At least 30 people have died in Maiduguri, capital of Nigeria's restive Borno state, after two female suicide bombers detonated the explosives they were wearing.
The incident occurred at a busy fish market in the town, where military operational headquarters were relocated earlier in June to strengthen the fight against terror group Boko Haram.
One of the bombers, a teenage girl, waited until vendors started the late afternoon Muslim prayers before carrying out the attack, witnesses told the Leadership.
It is believed that the second attacker blew herself up while she was fleeing the market, killing only herself.
"It was a young lady that blew herself up near the mosque where traders were observing Asr [late afternoon] prayers. She had to wait until when the traders were deep in the prayer session before she detonated the bomb, killing a large number of persons and injuring many," a witness said.
"Some traders said they saw the young girl loitering about shortly before the prayers.

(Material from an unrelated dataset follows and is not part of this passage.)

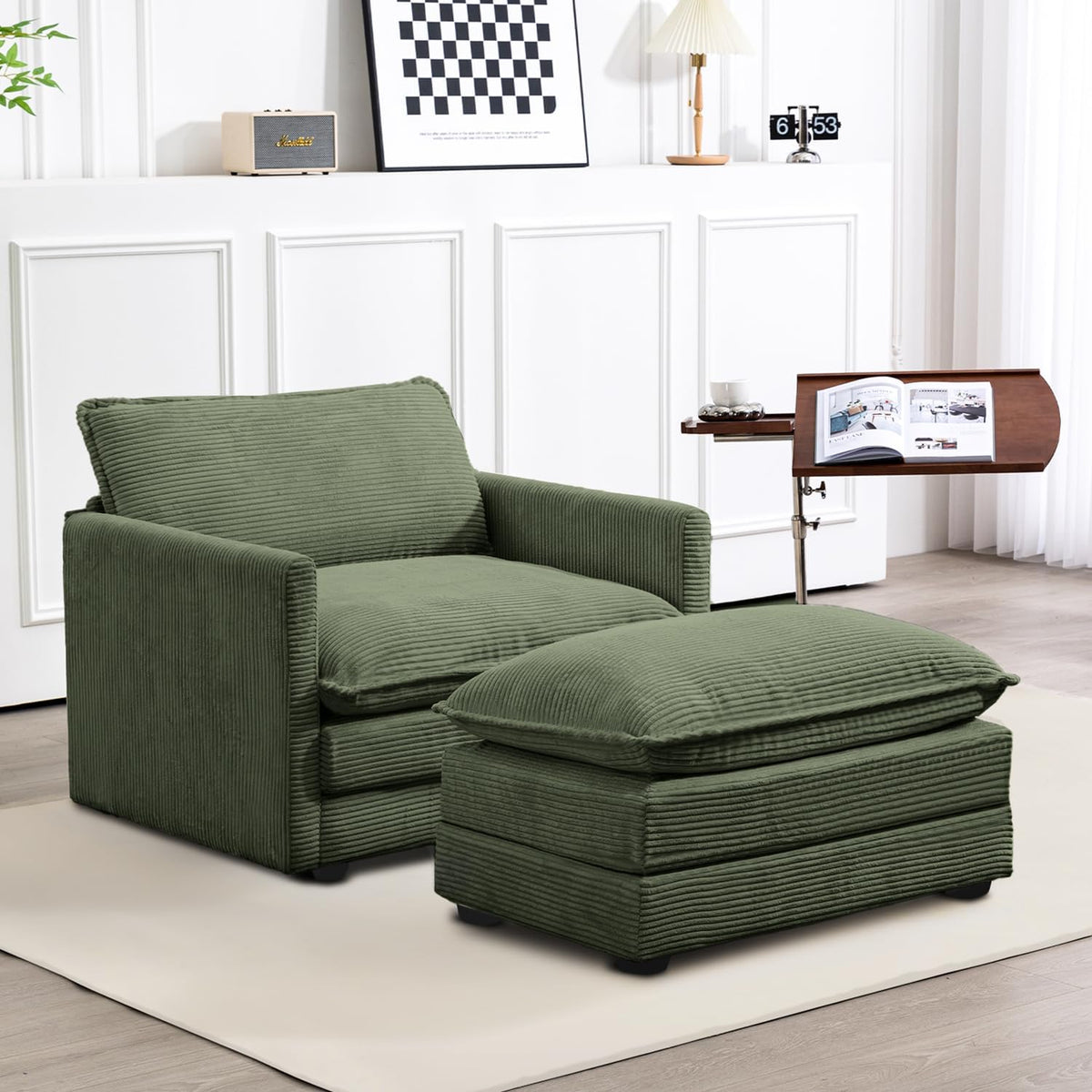 ROWHY 112'' Sectional Modular Cloud Couch, Oversized 5 Seat Couches U Shaped Sofa with 2 Movable Ottomans, 2 Throw Pillows, Upholstered Corduroy U Shape Comfy Deep Couches for Living Room, Beige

"We heard the second explosion a few minutes after, and it was another female teenager that was seen running before she blew herself up, near BEWAC complex along Baga road. Those that saw her said it was like she suddenly developed cold feet having heard the thunderous sound that came out of the bomb detonated by her mate. Thank God no one except herself was killed".
The blasts occurred one day after 20 people died in another bomb attack at a bus station in Maiduguri. Both attacks are likely to be blamed on Boko Haram, known for kidnapping civilians, mainly women and children, and forcing them to participate in terror attacks across north-eastern Nigeria, where the militants aim to establish an Islamic caliphate.

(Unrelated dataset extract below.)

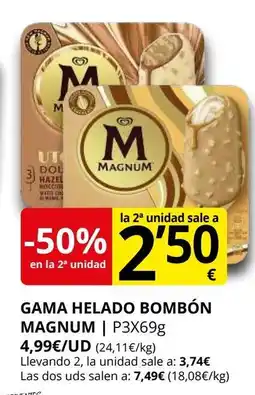Supermercados MAS MAGNUM Gama helado bombón oferta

According to a report by Unicef, the number of suicide bombings involving women and children is increasing in Maiduguri and more suicide bomb attacks have occurred in the north-east since the beginning of 2015 than in the whole of last year.
Borno, the epicentre of Boko Haram's uprising, is one of the three states, together with Yobe and Admawa, that bear the main brunt of the insurgency which has claimed thousands of lives since 2009.

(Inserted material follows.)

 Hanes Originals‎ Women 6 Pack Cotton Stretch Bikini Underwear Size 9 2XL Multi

The Nigerian government is being aided by mercenaries and troops from Chad, Benin, Niger and Cameroon in its offensive and has scored some successes since the military co-operation started in February.
President Muhammadu Buhari, a former military chief, vowed Nigeria will do anything it can to defeat the deadly insurgence and find some 220 girls who were kidnapped by Boko Haram in Chibok, Borno state, in April 2014.